** Data for review follows **
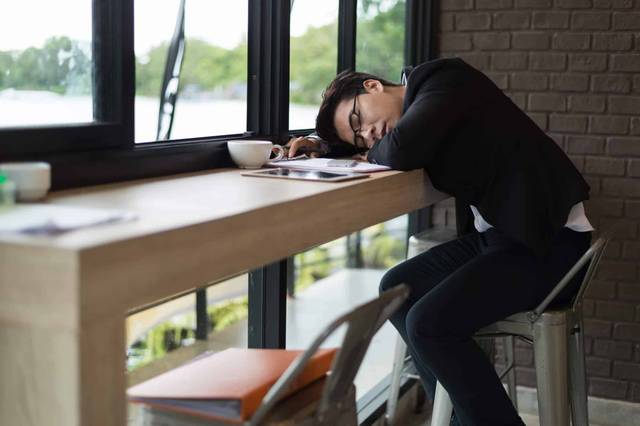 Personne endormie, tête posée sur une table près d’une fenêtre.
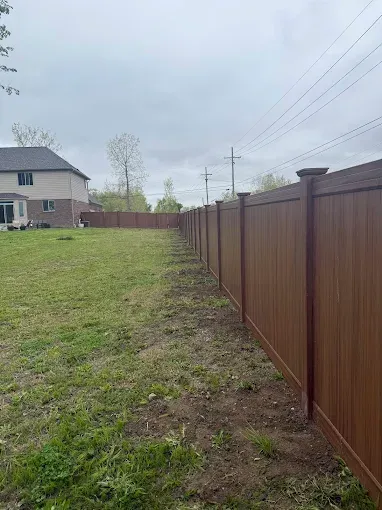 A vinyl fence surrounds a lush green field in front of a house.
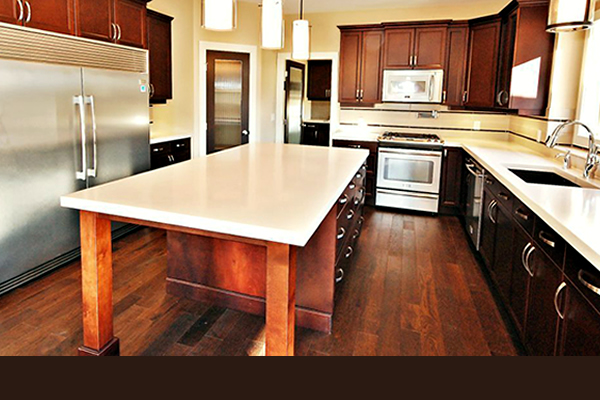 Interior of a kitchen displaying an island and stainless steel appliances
** End of Data for review **
** Data for review follows **
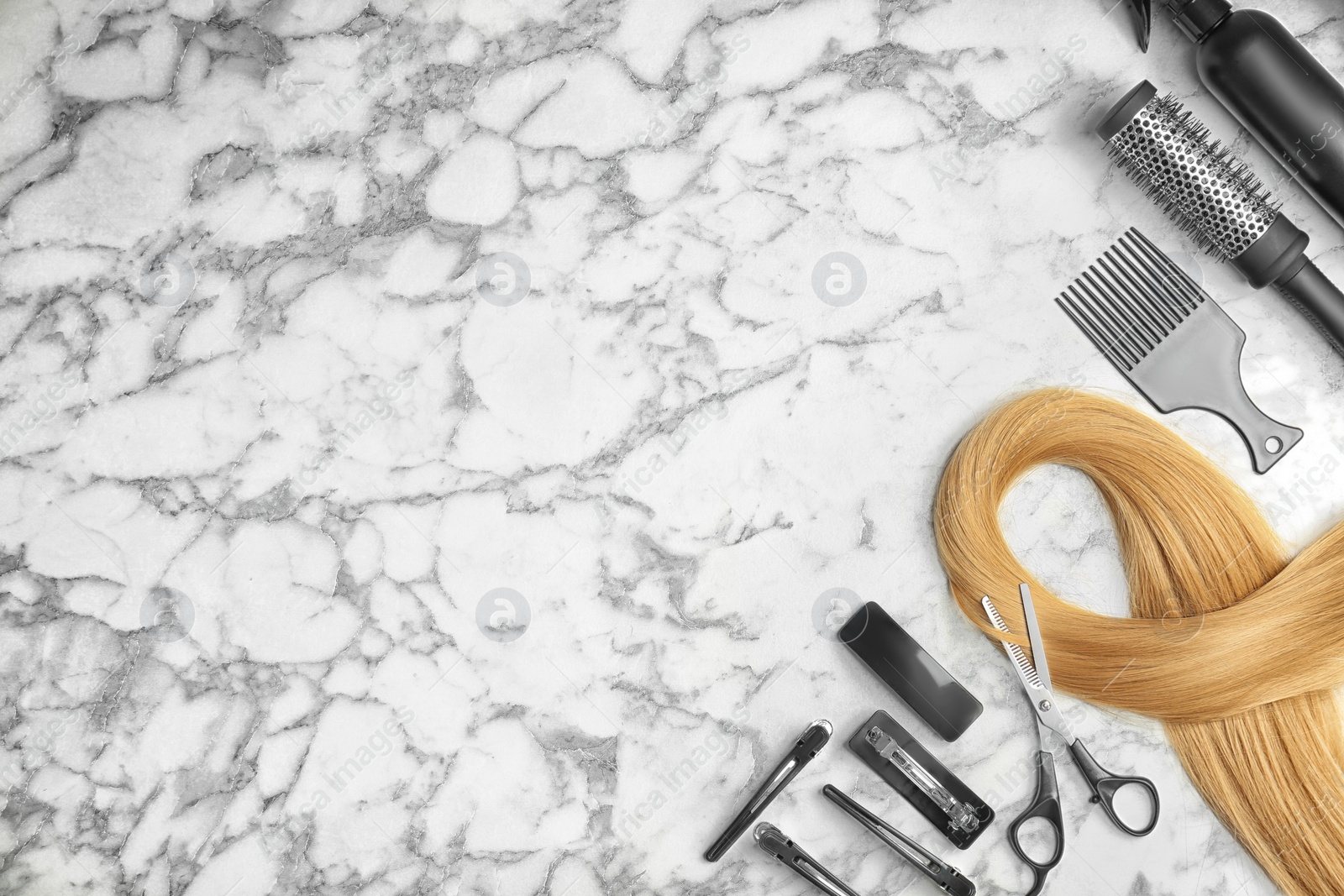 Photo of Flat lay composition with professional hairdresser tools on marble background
** End of Data for review **
▶ **What you have to do**: I'd like the lines above repeated exactly, from the one that contains "A vinyl fence" through the one that contains "Interior of a", with no pictures.

▶ **Exercise output**:
 A vinyl fence surrounds a lush green field in front of a house.
 Interior of a kitchen displaying an island and stainless steel appliances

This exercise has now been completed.